Assignment: Transcribe the records word for word. Leave every picture out.

(Image-caption web data)
▬▬▬▬▬▬▬▬▬▬

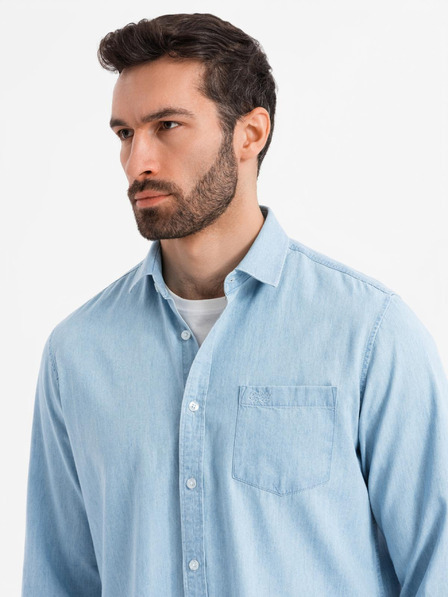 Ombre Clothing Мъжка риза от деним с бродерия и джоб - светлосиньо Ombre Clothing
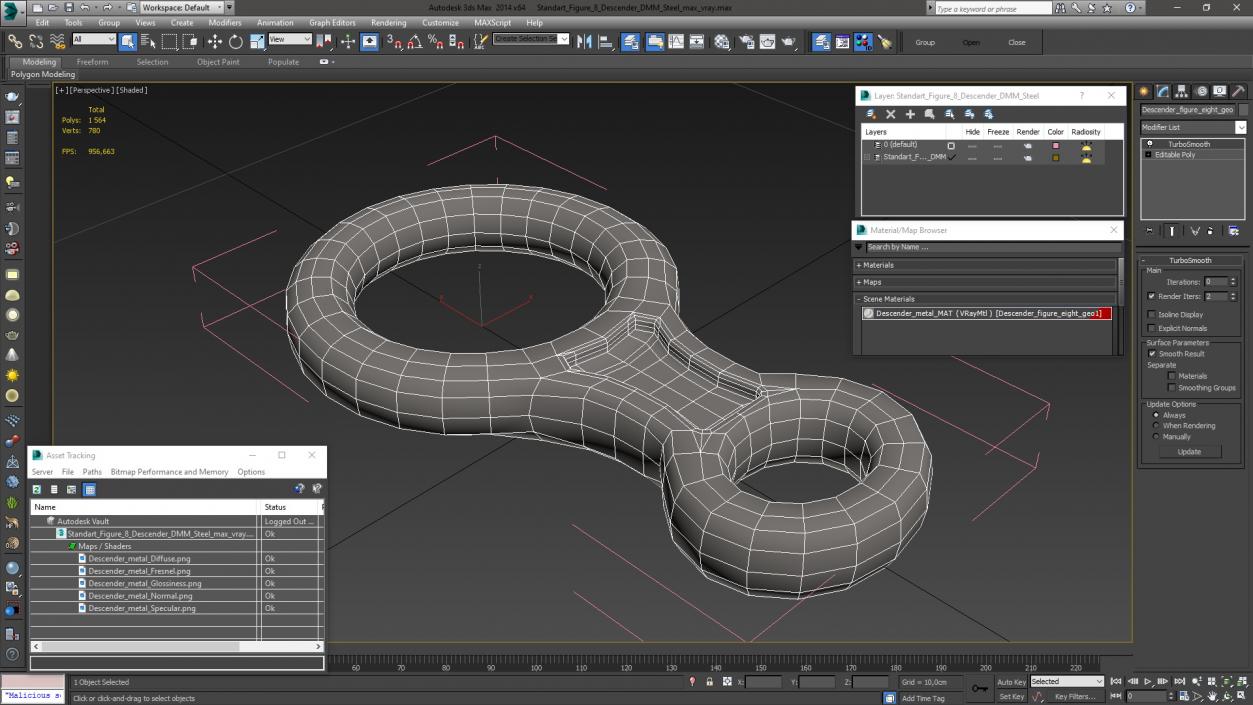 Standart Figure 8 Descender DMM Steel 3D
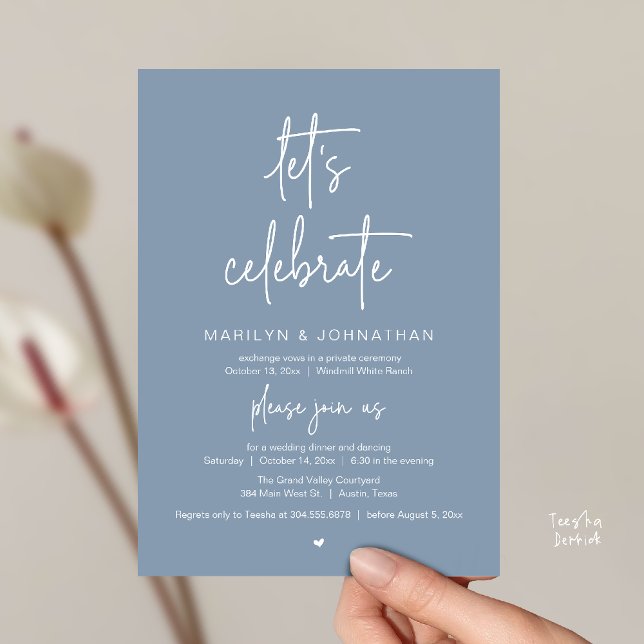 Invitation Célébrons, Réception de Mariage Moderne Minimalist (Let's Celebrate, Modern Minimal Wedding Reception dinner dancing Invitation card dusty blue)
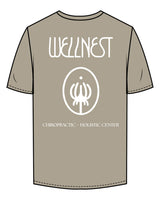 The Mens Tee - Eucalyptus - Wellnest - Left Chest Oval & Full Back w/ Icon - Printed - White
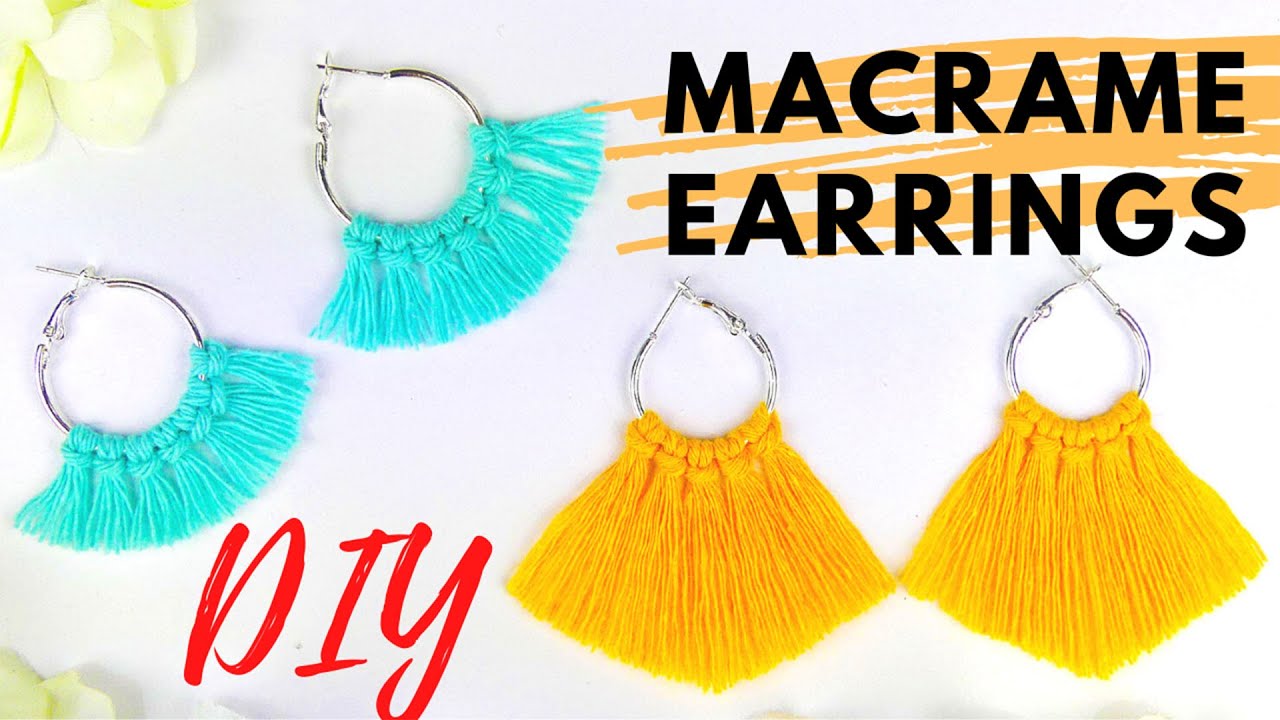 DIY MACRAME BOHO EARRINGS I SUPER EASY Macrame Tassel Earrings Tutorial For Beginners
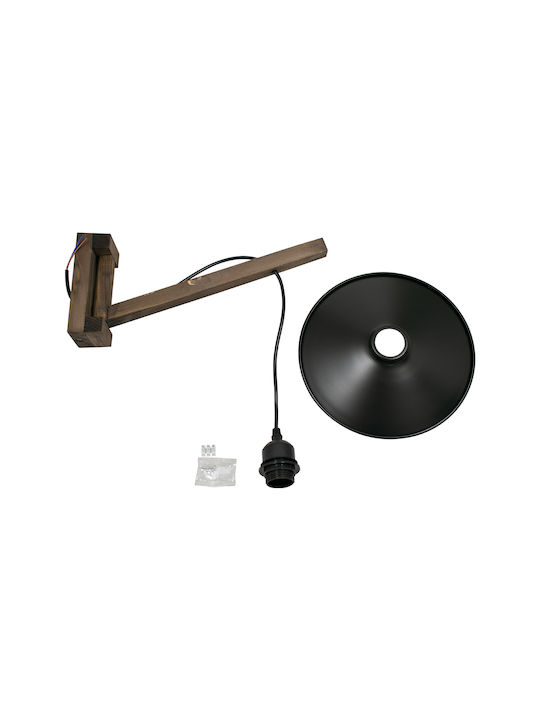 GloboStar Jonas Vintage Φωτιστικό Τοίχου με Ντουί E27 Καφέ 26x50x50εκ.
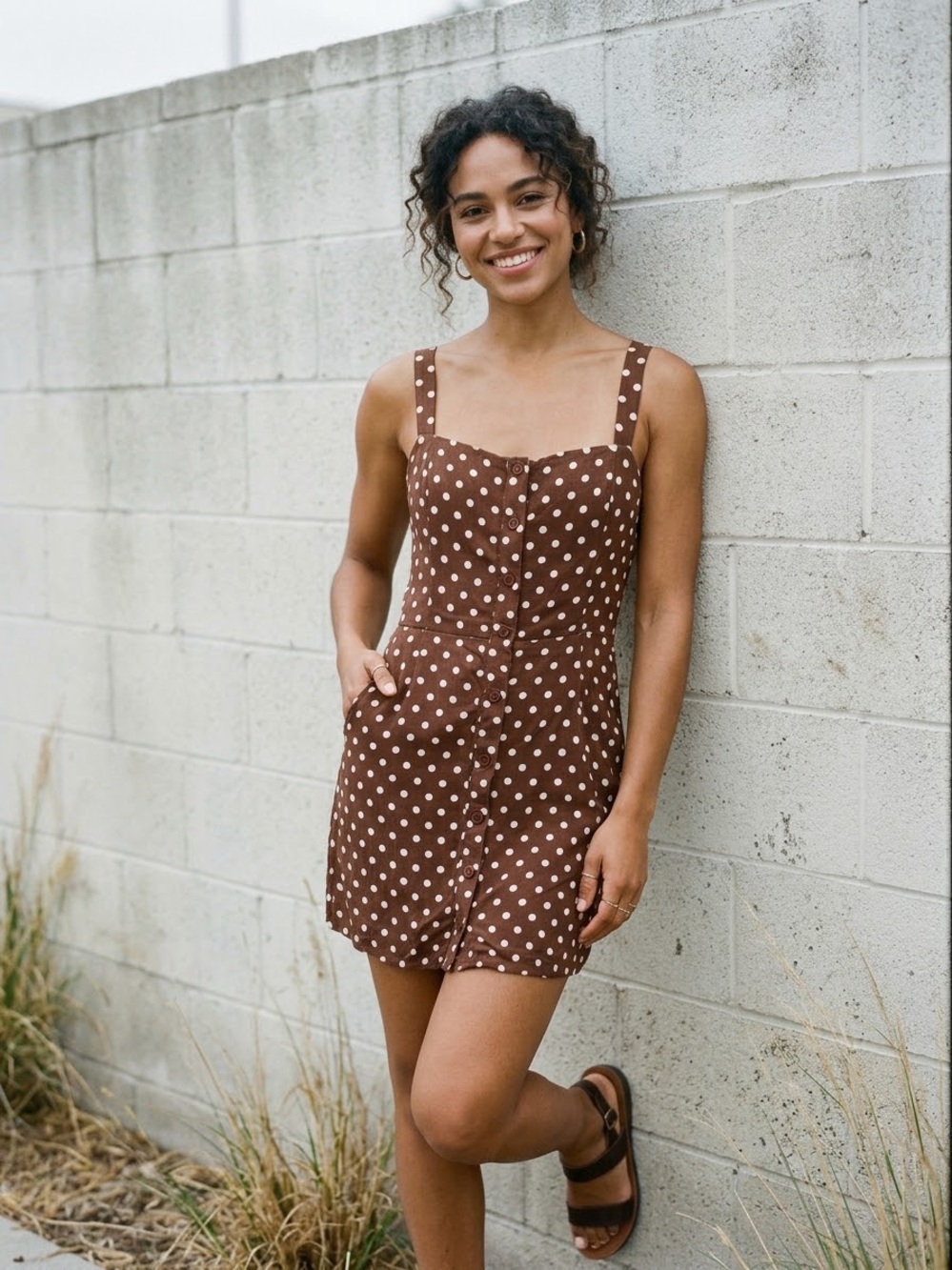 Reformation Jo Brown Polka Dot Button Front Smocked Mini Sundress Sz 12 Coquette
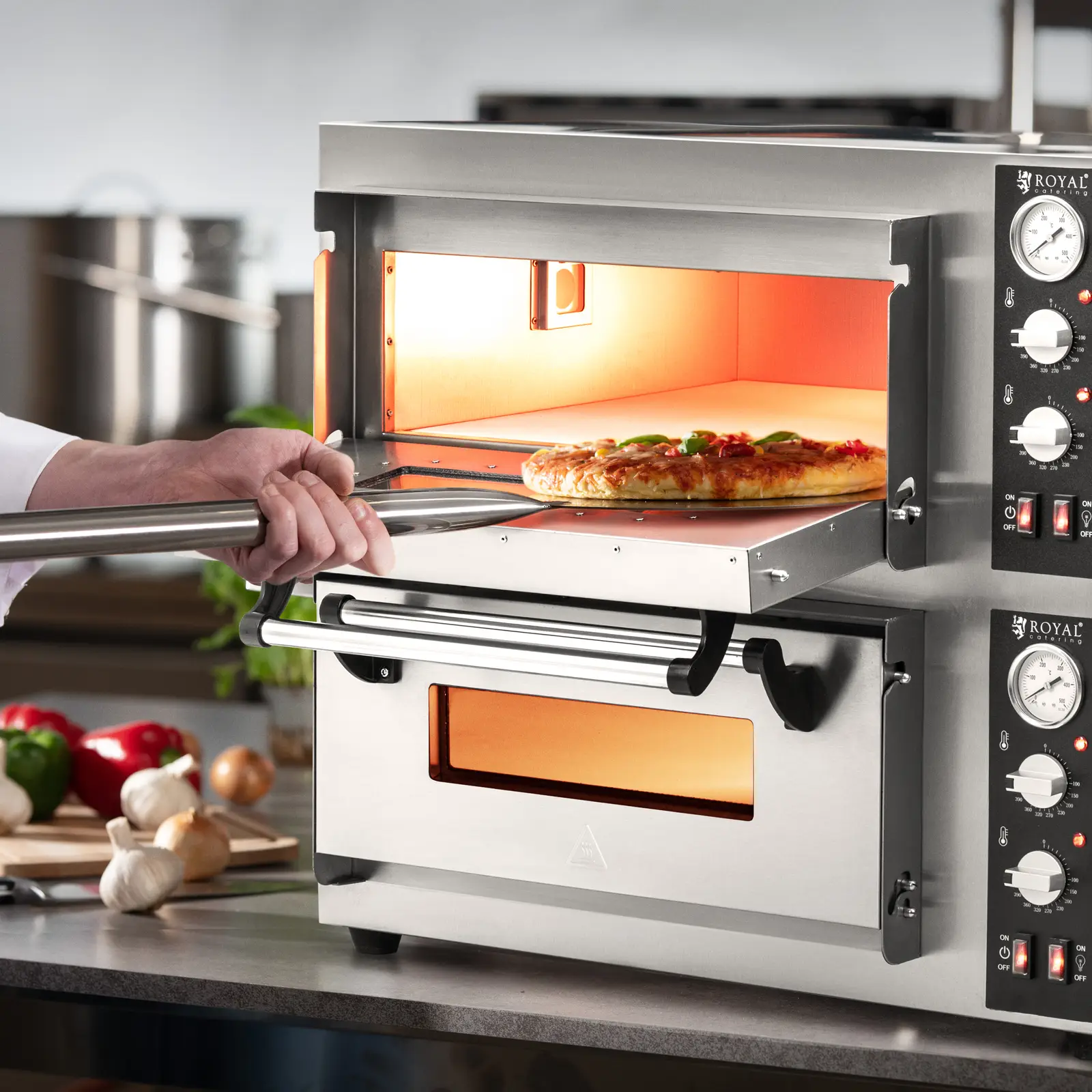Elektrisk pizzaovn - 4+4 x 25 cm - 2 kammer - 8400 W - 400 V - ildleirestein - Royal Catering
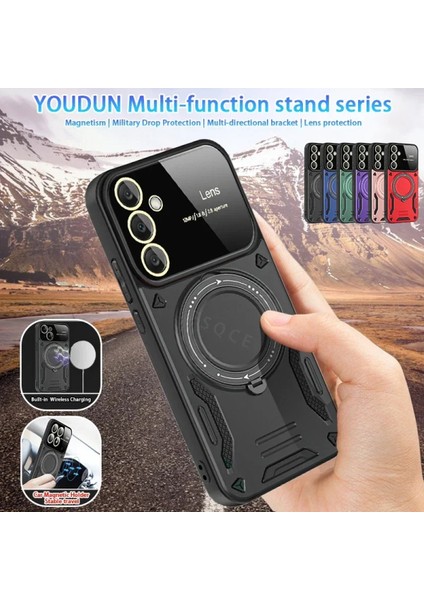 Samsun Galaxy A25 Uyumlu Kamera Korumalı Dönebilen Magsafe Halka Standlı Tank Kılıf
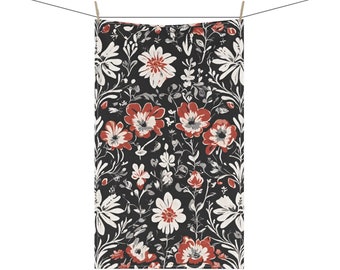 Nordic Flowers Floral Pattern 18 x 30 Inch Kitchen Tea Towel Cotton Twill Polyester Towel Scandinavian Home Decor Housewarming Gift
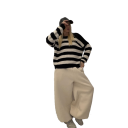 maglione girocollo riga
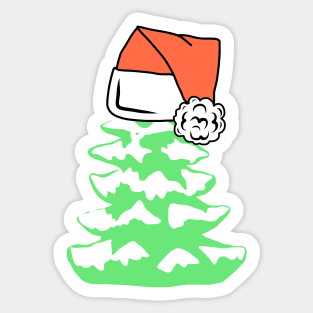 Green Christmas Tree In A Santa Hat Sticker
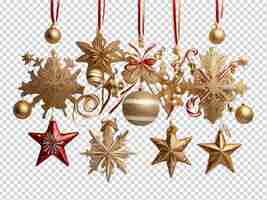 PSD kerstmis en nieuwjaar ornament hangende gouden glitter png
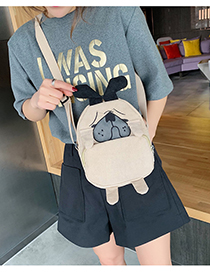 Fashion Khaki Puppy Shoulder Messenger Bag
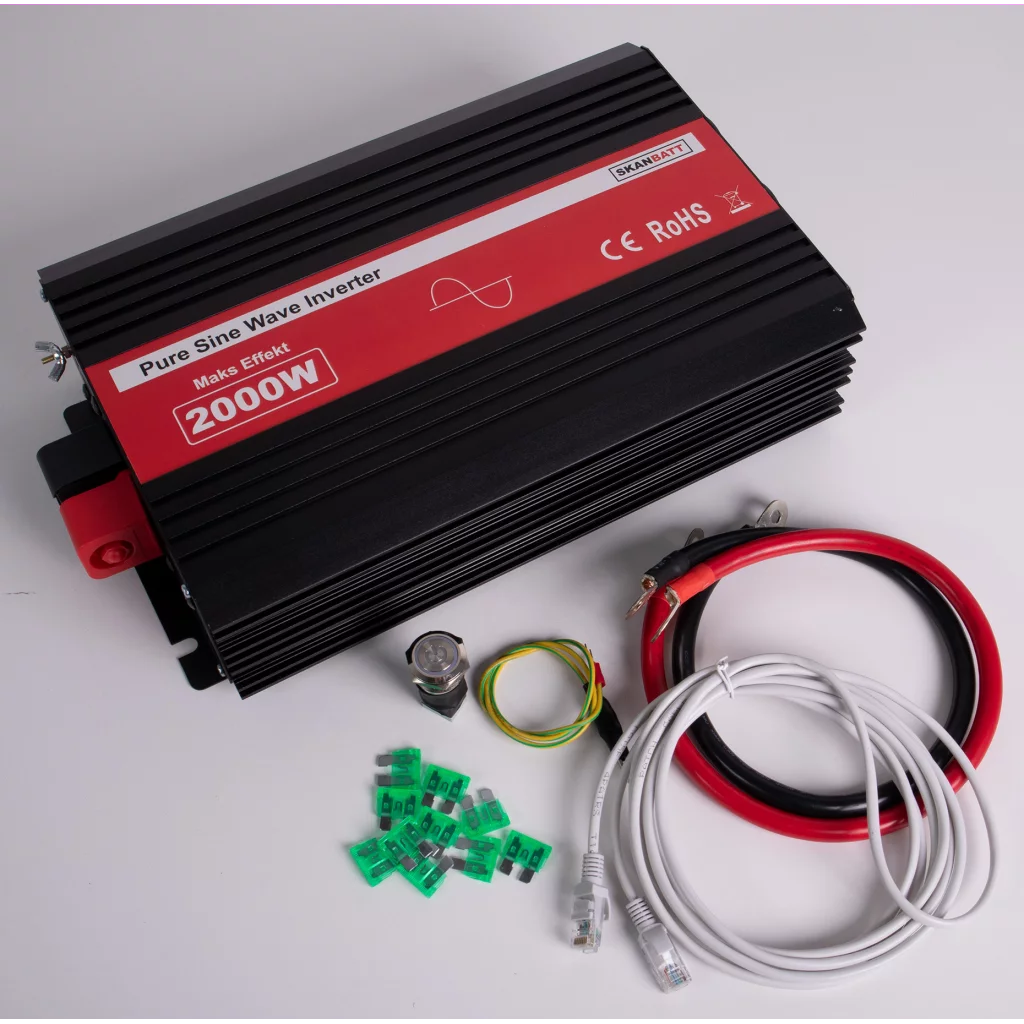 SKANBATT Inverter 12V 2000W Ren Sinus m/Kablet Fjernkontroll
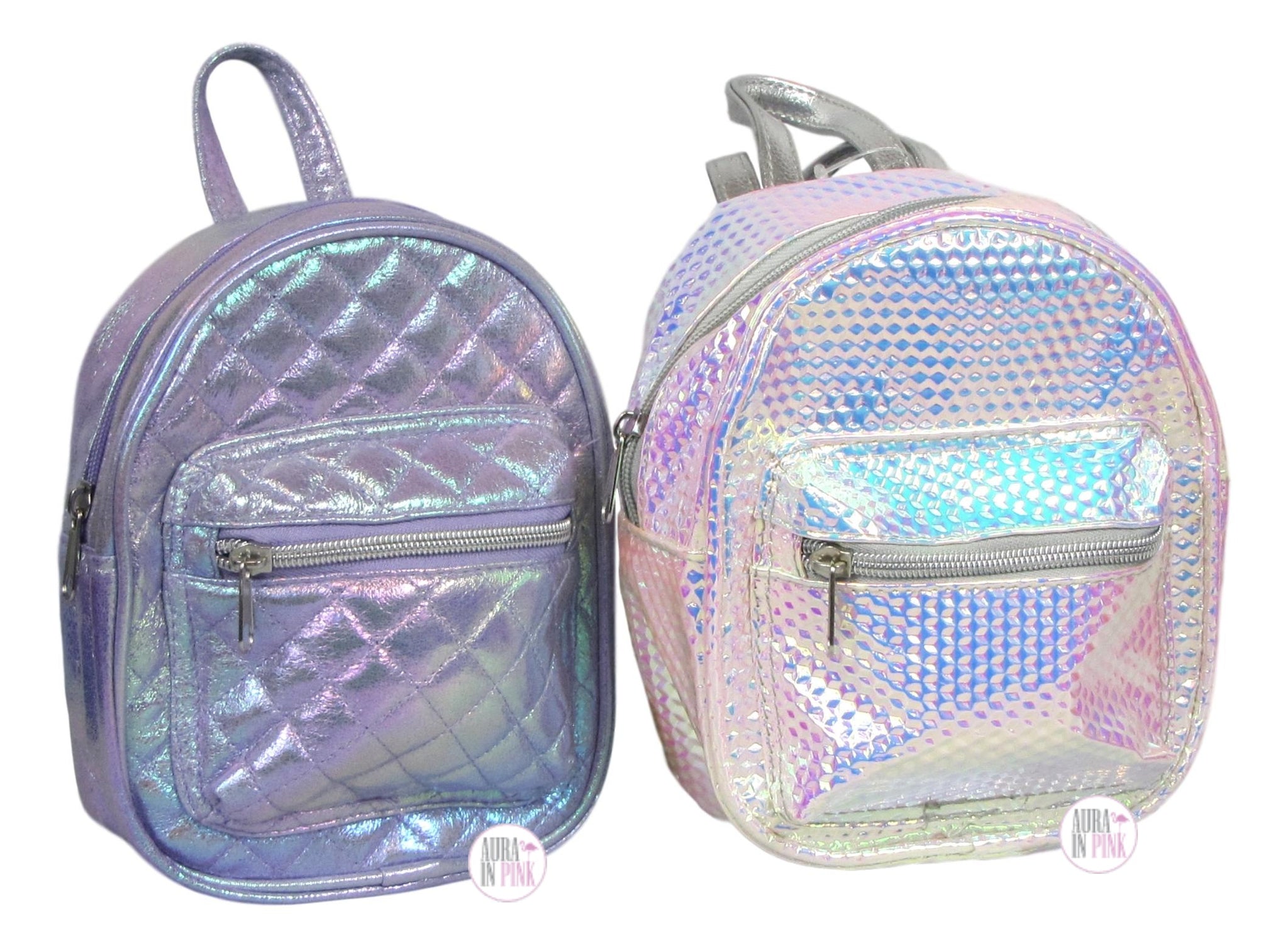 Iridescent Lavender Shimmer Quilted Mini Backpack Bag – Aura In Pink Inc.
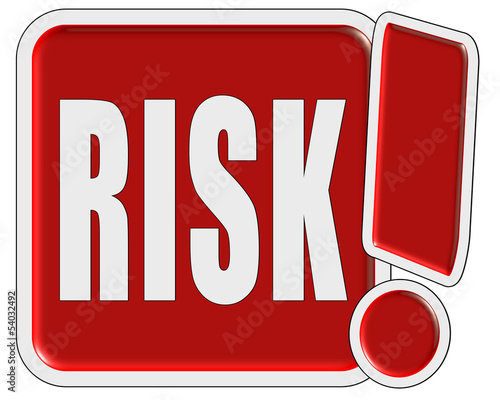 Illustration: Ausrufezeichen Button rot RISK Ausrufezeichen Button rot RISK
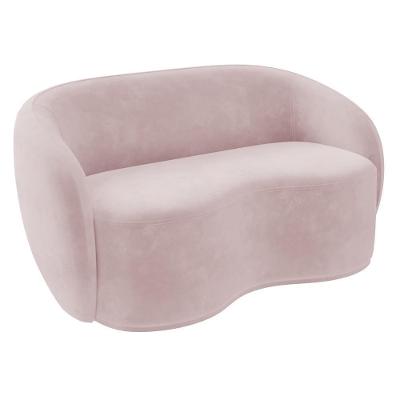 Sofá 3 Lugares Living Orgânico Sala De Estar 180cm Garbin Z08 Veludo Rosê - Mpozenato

▬▬▬▬▬▬▬▬▬▬

Solved problem:
 Ombre Clothing Мъжка риза от деним с бродерия и джоб - светлосиньо Ombre Clothing
 Standart Figure 8 Descender DMM Steel 3D
 Invitation Célébrons, Réception de Mariage Moderne Minimalist (Let's Celebrate, Modern Minimal Wedding Reception dinner dancing Invitation card dusty blue)
 The Mens Tee - Eucalyptus - Wellnest - Left Chest Oval & Full Back w/ Icon - Printed - White
 DIY MACRAME BOHO EARRINGS I SUPER EASY Macrame Tassel Earrings Tutorial For Beginners
 GloboStar Jonas Vintage Φωτιστικό Τοίχου με Ντουί E27 Καφέ 26x50x50εκ.
 Reformation Jo Brown Polka Dot Button Front Smocked Mini Sundress Sz 12 Coquette
Elektrisk pizzaovn - 4+4 x 25 cm - 2 kammer - 8400 W - 400 V - ildleirestein - Royal Catering
 Samsun Galaxy A25 Uyumlu Kamera Korumalı Dönebilen Magsafe Halka Standlı Tank Kılıf
 Nordic Flowers Floral Pattern 18 x 30 Inch Kitchen Tea Towel Cotton Twill Polyester Towel Scandinavian Home Decor Housewarming Gift
 maglione girocollo riga
 Green Christmas Tree In A Santa Hat Sticker
 PSD kerstmis en nieuwjaar ornament hangende gouden glitter png
 Fashion Khaki Puppy Shoulder Messenger Bag
 SKANBATT Inverter 12V 2000W Ren Sinus m/Kablet Fjernkontroll
 Iridescent Lavender Shimmer Quilted Mini Backpack Bag – Aura In Pink Inc.
 Illustration: Ausrufezeichen Button rot RISK Ausrufezeichen Button rot RISK
 Sofá 3 Lugares Living Orgânico Sala De Estar 180cm Garbin Z08 Veludo Rosê - Mpozenato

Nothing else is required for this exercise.